The Falcons are in Purgatory


I have made comments in these articles in the past about the suffering I endure as a Cowboys fan. While that suffering is genuine, there are a handful of fanbases who I do not envy. The Browns, of course, have been terrible almost my entire life. The Jets are definitely a long-suffering fanbase. But out of all of these, envy the fans of the Falcons the least. 

The pain of the Falcons’ fans is one of whiplash. Let’s go back in time to 2016. Matt Ryan, playing in Kyle Shanahan’s offense, led an MVP campaign. The Falcons’ offense lit up the league with one of its best rosters. They defeated the Packers in the NFC Championship Game and headed to Houston with the franchise’s first ever Super Bowl in mind.

Little did they know that they were merely the final chapter of Tom Brady’s revenge tour. 

Brady had missed the first four games of the season serving a suspension for “Deflategate.” This was a punishment that he, the Patriots and anyone who paid attention to the case, felt was a witch-hunt. He returned in week 5 and punished the NFL by eviscerating everyone in his path, until meeting the Falcons in the Super Bowl.

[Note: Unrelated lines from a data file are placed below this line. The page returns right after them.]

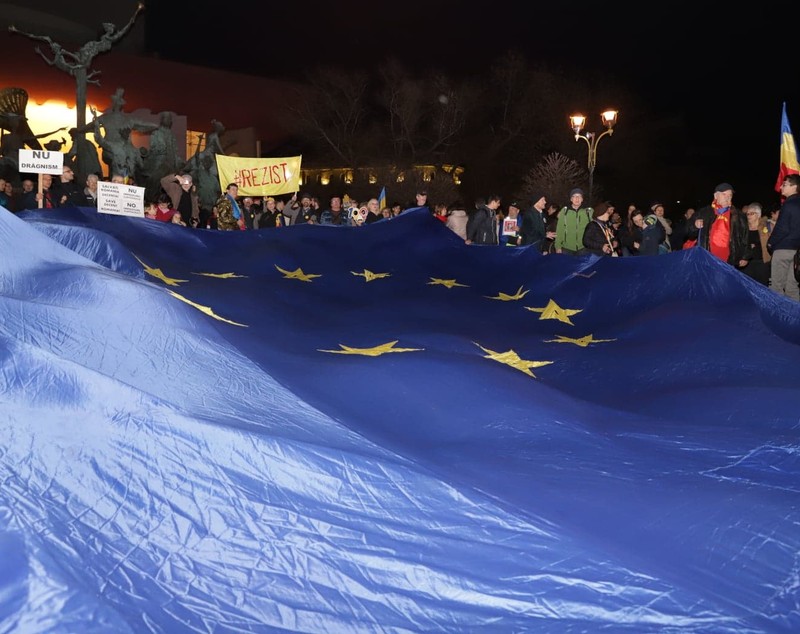 FOTO&VIDEO/ Sute de oameni au protestat sâmbătă seară în Piața Universității. Tudor Chirilă și regizorul Stere Gulea, printre protestatari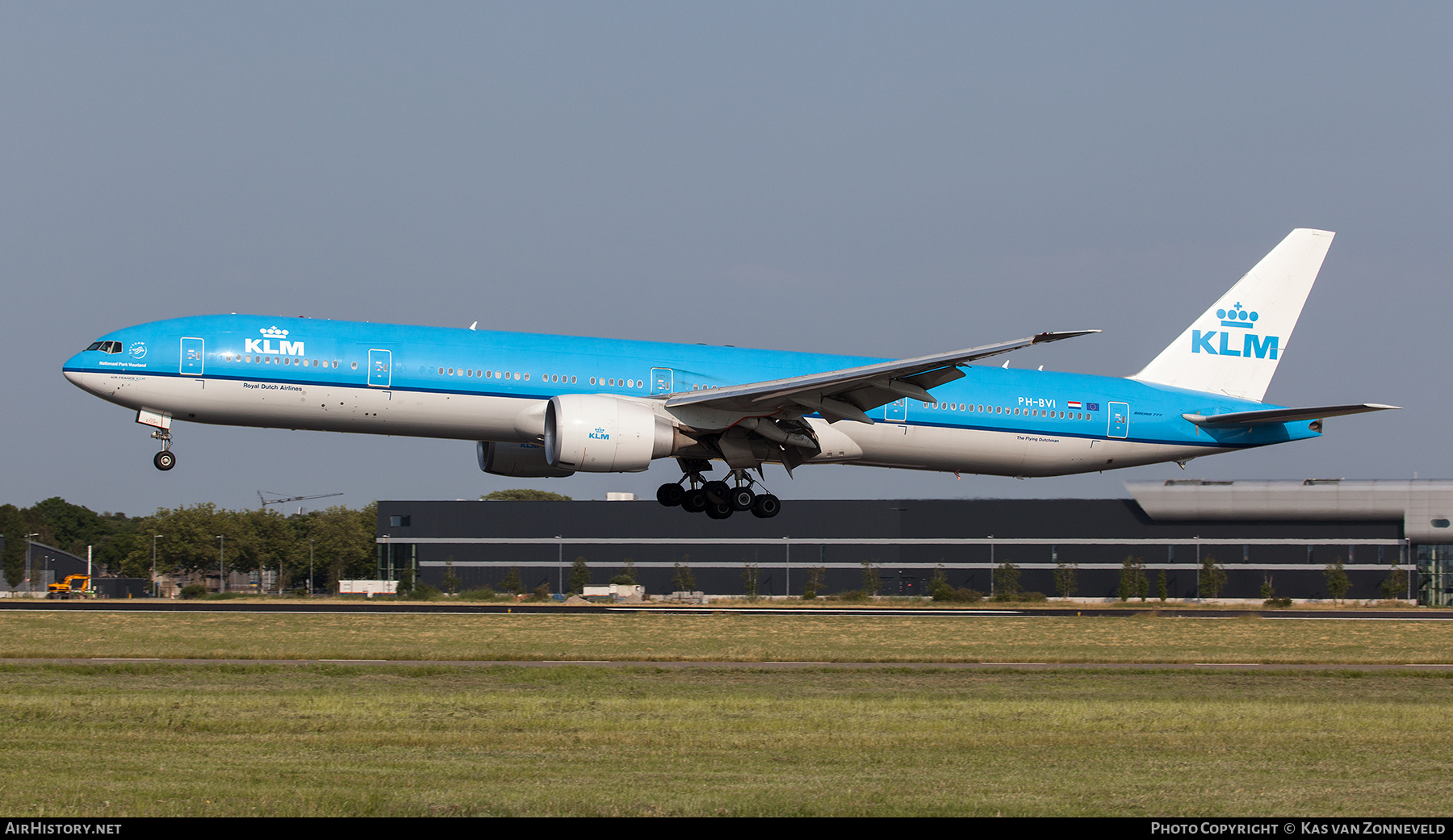 Aircraft Photo of PH-BVI | Boeing 777-306/ER | KLM - Royal Dutch Airlines | AirHistory.net #486529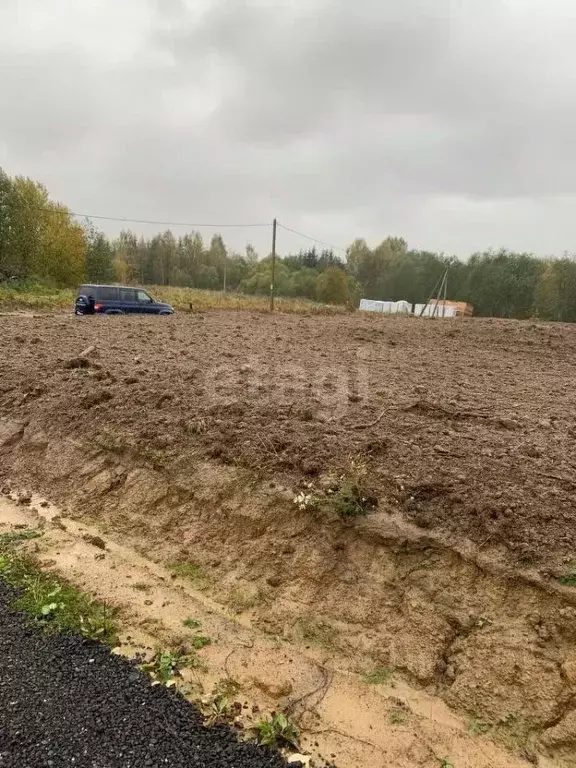 Участок в Ленинградская область, Кировский район, Мгинское городское ... - Фото 0
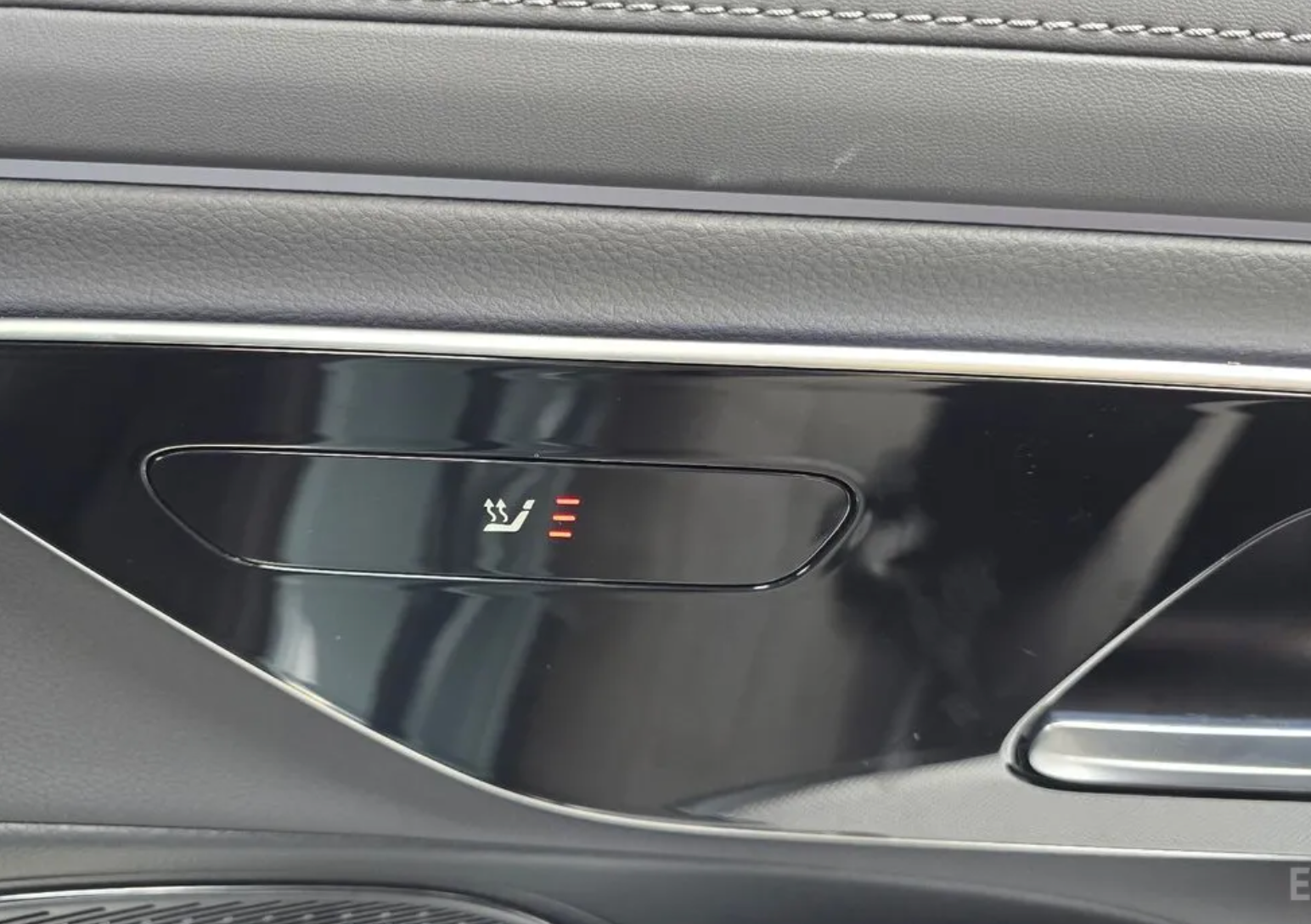 Mercedes E-Class W214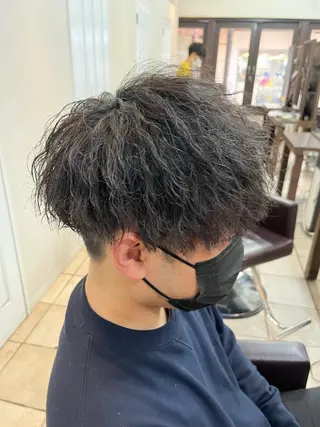 パーマ メンズ カ レラのヘアスタイル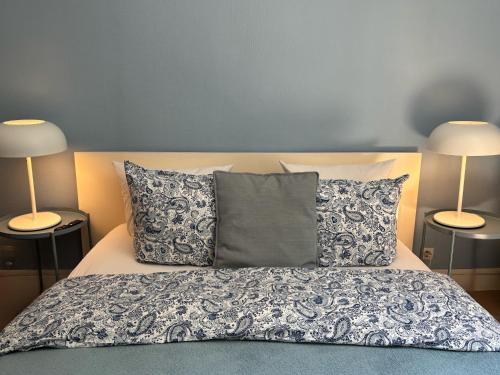 1 queen bed, 1 twin bed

What happened next is infamous. The Falcons came out on fire and smothered the Patriots for almost three quarters. Midway through the third quarter the Falcons were up 28-3. Then the Patriots rallied and scored 25 unanswered points, forcing overtime. The Patriots won the toss, marched down the field and scored a touchdown on the first possession. Tom Brady forced Roger Goodell, the man who suspended him, to hand him the Lombardi trophy. For the Patriots, it was glorious. 

For the Falcons, it was the greatest collapse in Super Bowl history. Little did they know the worst was yet to come. Offensive Coordinator Kyle Shanahan left in the offseason to become the head coach of the San Francisco 49ers. He was replaced by Steve Sarkisian, who struggled to fill Shanahan’s shoes. The Falcons weren’t the same but still ended 2017 at 10-6 and even won a playoff game. 

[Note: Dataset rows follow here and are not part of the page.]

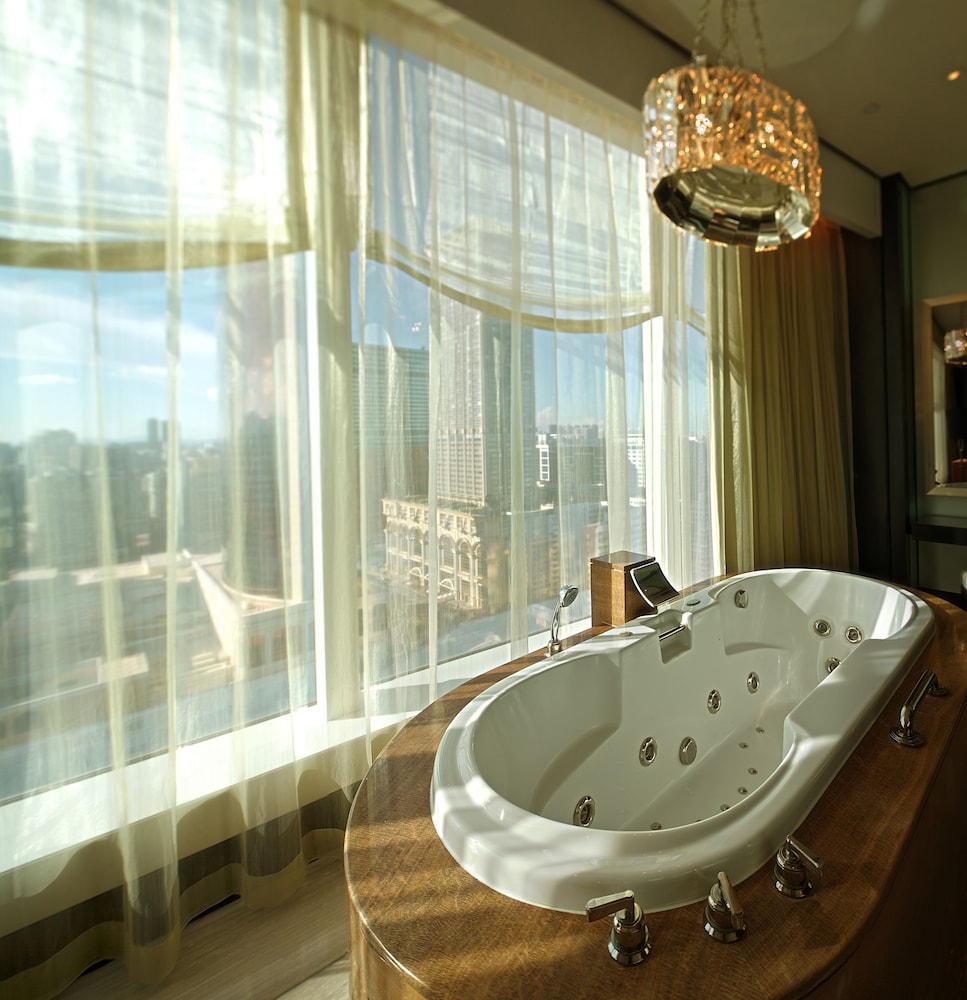 Grand Deluxe Suite photo 2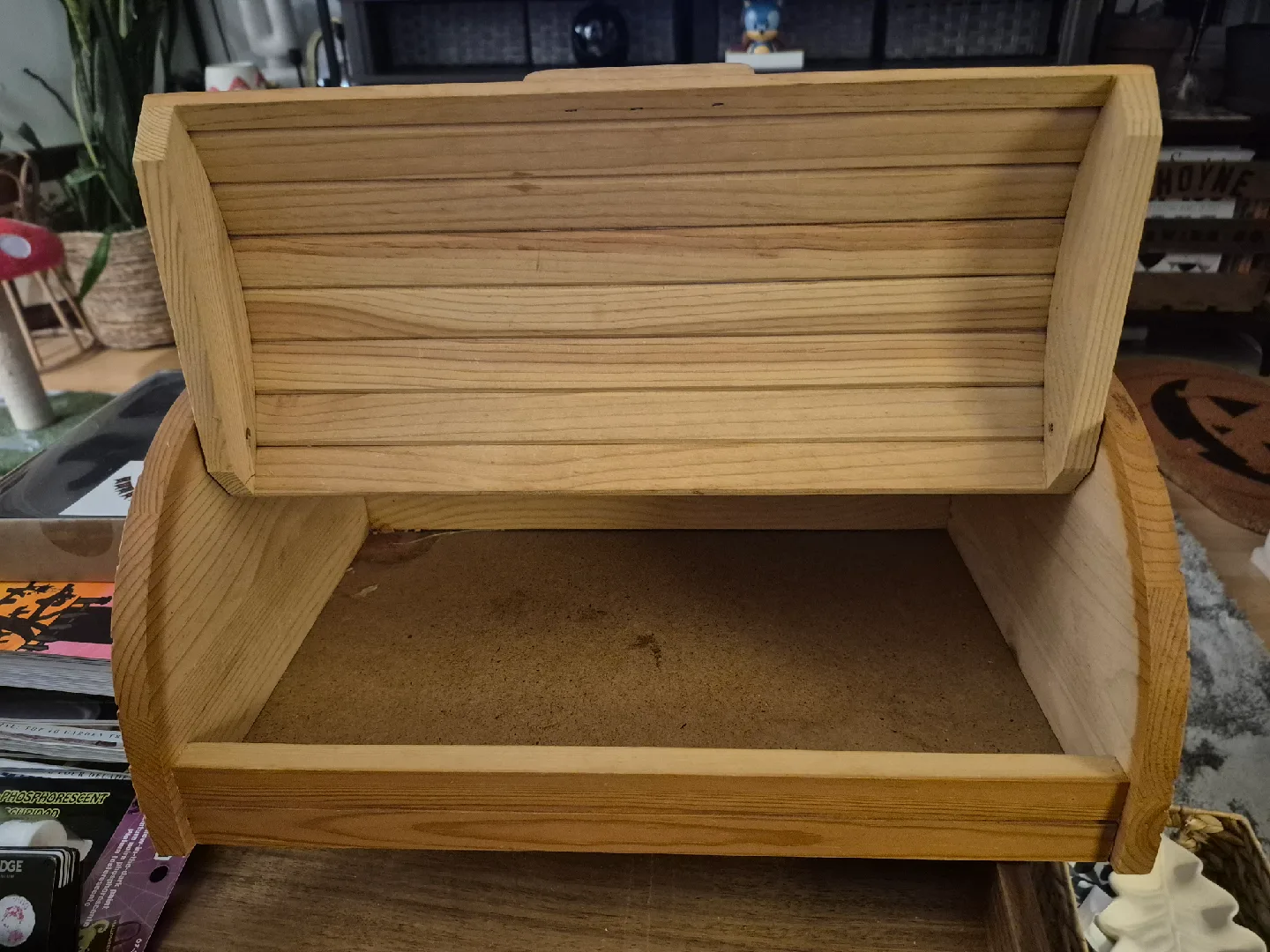 Wooden Bread Box image indicator(2)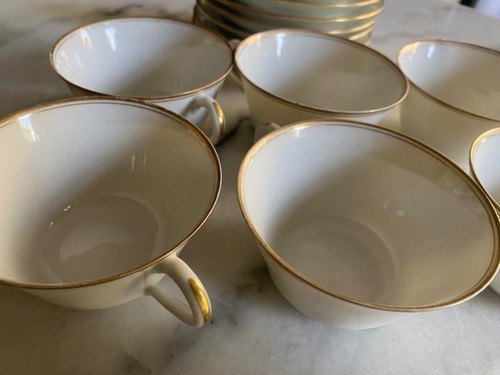Tasses soucoupes en - 6, 12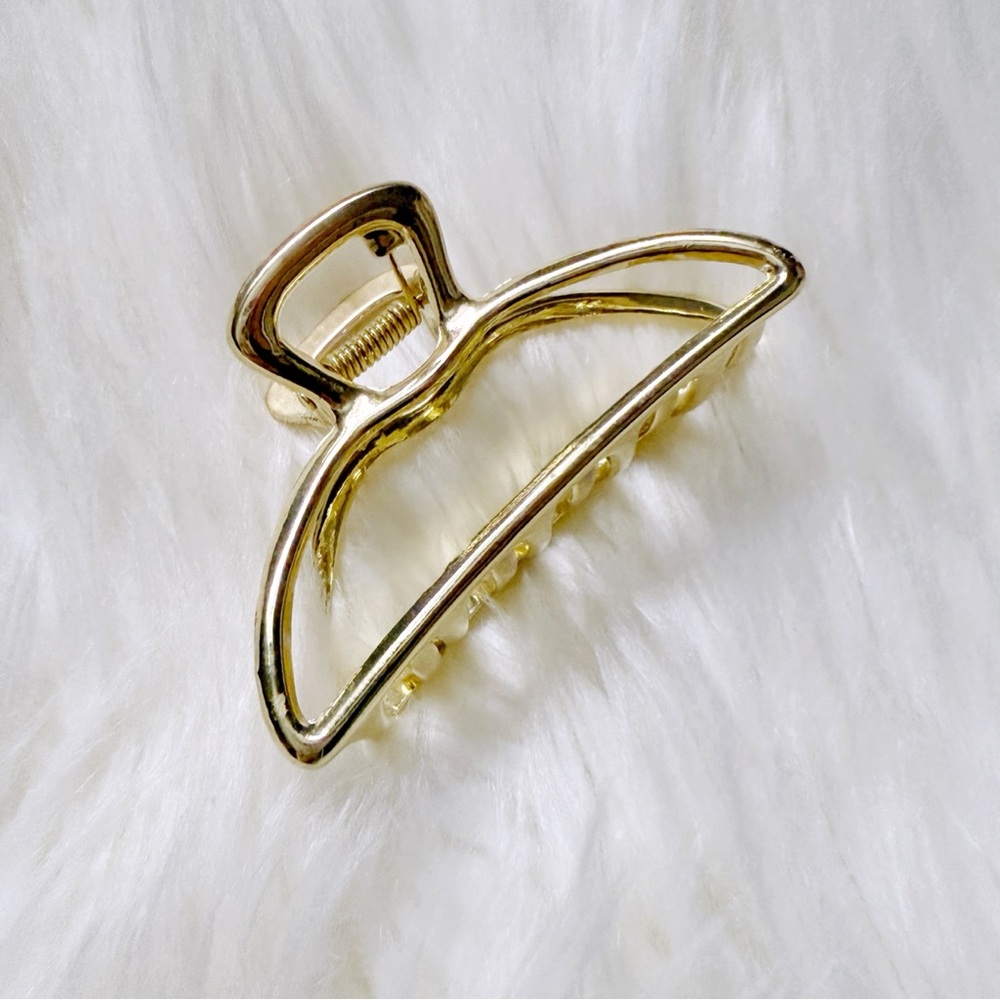Kitsch Metallic Gold Metallic Claw Clip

2018 brought their downfall, as in the first few weeks the Falcons lost multiple key defensive peices. The offensive line struggled to pass-protect. They fell behind in every game, struggled to stay balanced, and Matt Ryan, Julio Jones, Calvin Ridley and Mohammed Sanu did what they could, but it wasn’t enough to save the Falcons. They finished 2018 at 7-9.

2019 was more of the same; the defensive was absolutely terrible, the offensive line was subpar and Matt Ryan and his receivers did what they could, but it just wasn’t enough. The Falcons again finished the season 7-9. Sarkisian was fired and many believed that Head Coach Dan Quinn should have been too.

But Quinn remained, and 2020 started rather terribly too. They were blown out by the Seahawks in Week 1. Then in Week 2, they jumped to a lead against the Cowboys. The Falcons led 20-0 at the end of the first quarter, 29-10 at half, 29-24 going into the fourth, 39-30 with five minutes left in the game, 39-37 with less than two minutes left and still lost. 

Their defense gave up 40 points to the Cowboys, their special teams forgot the onside kick rules. The Cowboys, like the Patriots a few years ago, held the lead for 0 seconds and still won. I was at that game. When I went to the concession stand at halftime, I saw Falcons fans cheering with each other: “Rise Up! Let’s go baby!” 

When Greg Zuerlein hit the game-winning field goal and I left the stadium, I saw those same fans. They were more than defeated. They were deflated. Amid all the cheers and shouts of the hoard of Cowboys fans around me I still heard a voice a few steps behind me, “I HATE BEING A FALCONS FAN!” It was clear, the ghost of 28-3 and Super Bowl LI still hung over this franchise. 

The next week they blew another lead against the Bears. The week after that they lost to the Packers. The week after that they lost to the Panthers, who were missing their best player. It was a disaster. The Falcons were 0-5 and Quinn was fired. Since then they’ve gone 2-1 and now sit at 2-6. 

The Falcons are in purgatory, in every aspect of the word. They’re not good enough to compete for a title but they haven’t yet been mathematically eliminated. Last Thursday against the Carolina Panthers the defense finally showed some signs of life and made a fourth quarter stop. The biggest question however, lies with Jones and Ryan. The duo has been carrying Atlanta for years. But now they’re older and don’t have many years left. They’re still productive but too expensive to trade away. 

The Falcons are currently playing with an interim head coach, facing an uphill battle. They aren’t quite good enough to win, but also are not able to blow it up and rebuild. I honestly can’t give a prediction for what the next few years will hold for the Atlanta Falcons. Yet I cannot wait to see how it turns out.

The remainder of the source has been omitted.